# What is needed
Apart from the pictures, every line below needs to be reproduced verbatim.

# Input data
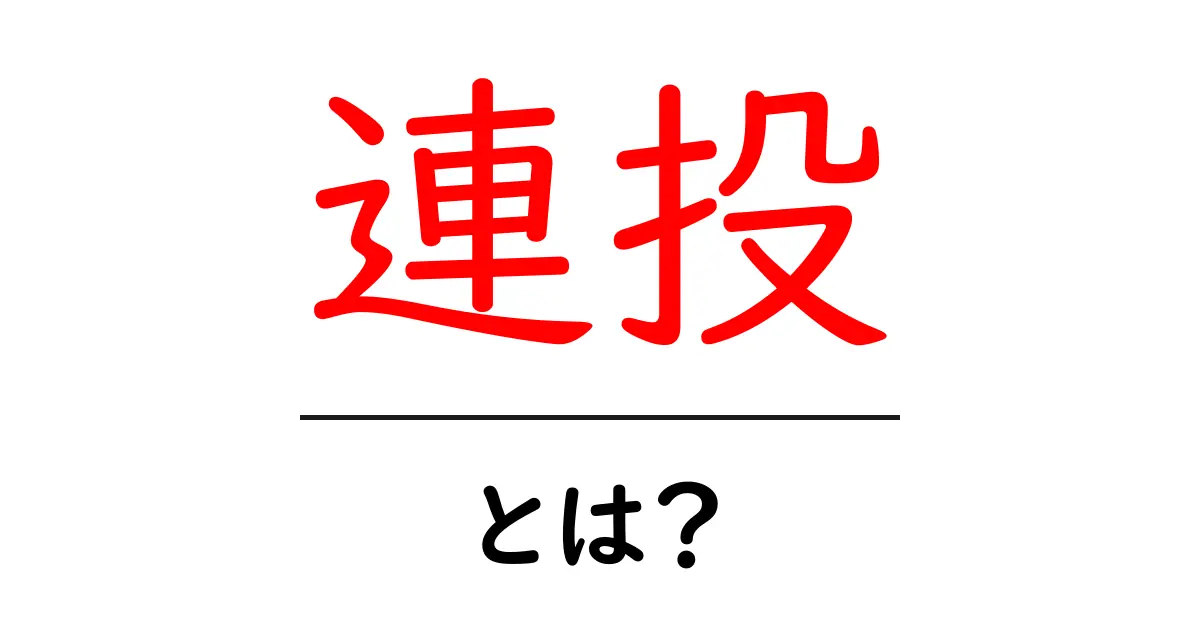 連投・とは？初心者にもわかる使い方と注意点共起語・同意語・対義語も併せて解説！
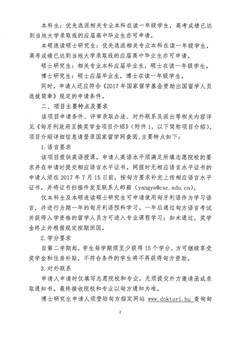 888集团游戏入口(中国)官方网站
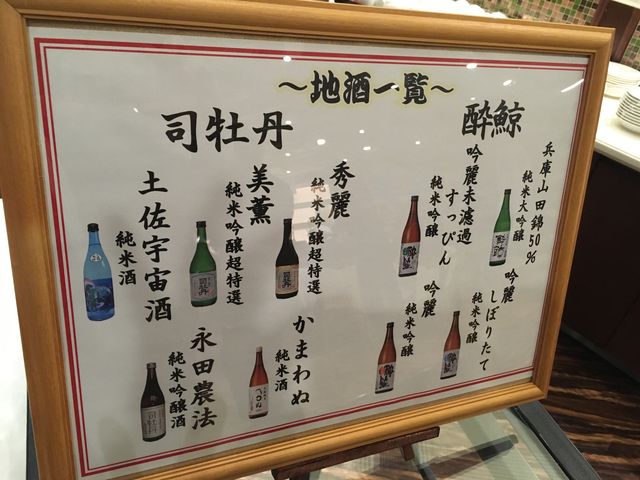 �̿�22 �ϼ��˥塼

# Response
 連投・とは？初心者にもわかる使い方と注意点共起語・同意語・対義語も併せて解説！
 888集团游戏入口(中国)官方网站
 �̿�22 �ϼ��˥塼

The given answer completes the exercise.